Dataset —
★ ★ ★ ★ ★ ★ ★
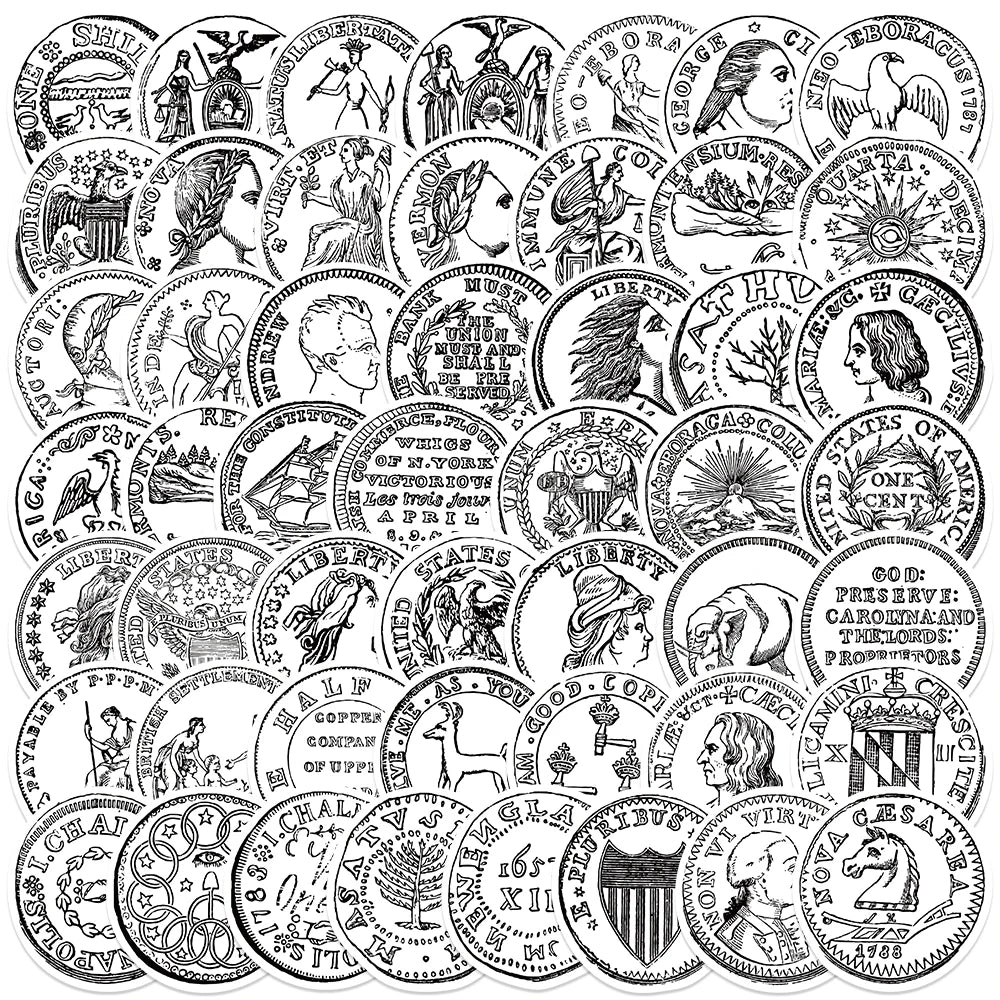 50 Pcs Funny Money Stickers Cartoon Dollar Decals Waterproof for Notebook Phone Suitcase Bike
★ ★ ★ ★ ★ ★ ★
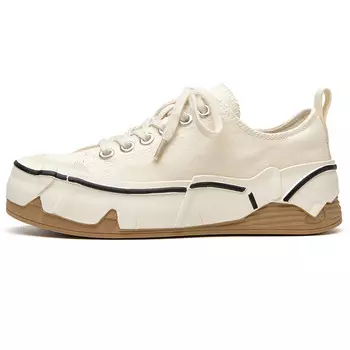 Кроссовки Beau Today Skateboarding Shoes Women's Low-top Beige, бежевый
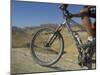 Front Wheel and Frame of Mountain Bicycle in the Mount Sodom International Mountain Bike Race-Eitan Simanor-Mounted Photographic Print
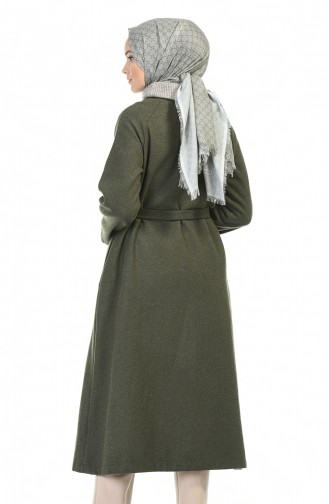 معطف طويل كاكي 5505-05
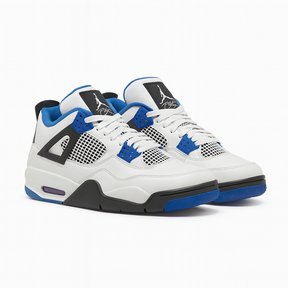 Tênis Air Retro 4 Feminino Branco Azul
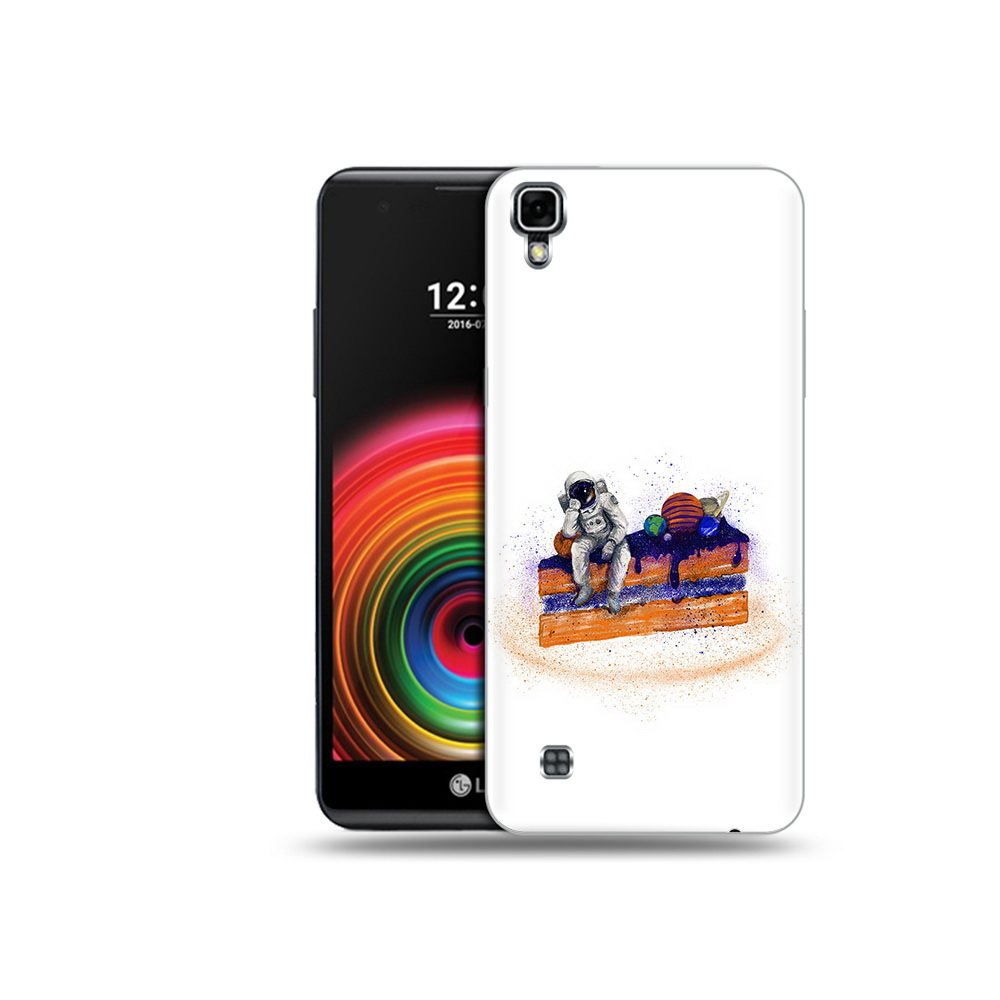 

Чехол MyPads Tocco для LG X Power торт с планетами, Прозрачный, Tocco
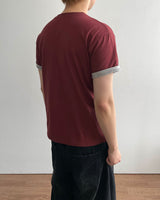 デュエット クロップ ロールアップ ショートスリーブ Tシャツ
★ ★ ★ ★ ★ ★ ★
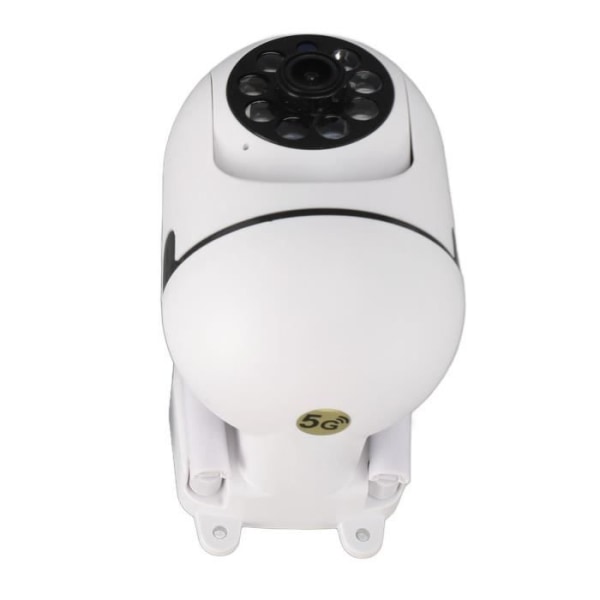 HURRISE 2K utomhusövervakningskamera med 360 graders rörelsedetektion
★ ★ ★ ★ ★ ★ ★
Task directions — Output only the lines above from the line that holds "Кроссовки Beau Today" through the line that holds "デュエット クロップ ロールアップ ショートスリーブ Tシャツ", both ends included, and exclude pictures.

Completed exercise —
 Кроссовки Beau Today Skateboarding Shoes Women's Low-top Beige, бежевый
 Front Wheel and Frame of Mountain Bicycle in the Mount Sodom International Mountain Bike Race-Eitan Simanor-Mounted Photographic Print
 معطف طويل كاكي 5505-05
 Tênis Air Retro 4 Feminino Branco Azul

Чехол MyPads Tocco для LG X Power торт с планетами, Прозрачный, Tocco
 デュエット クロップ ロールアップ ショートスリーブ Tシャツ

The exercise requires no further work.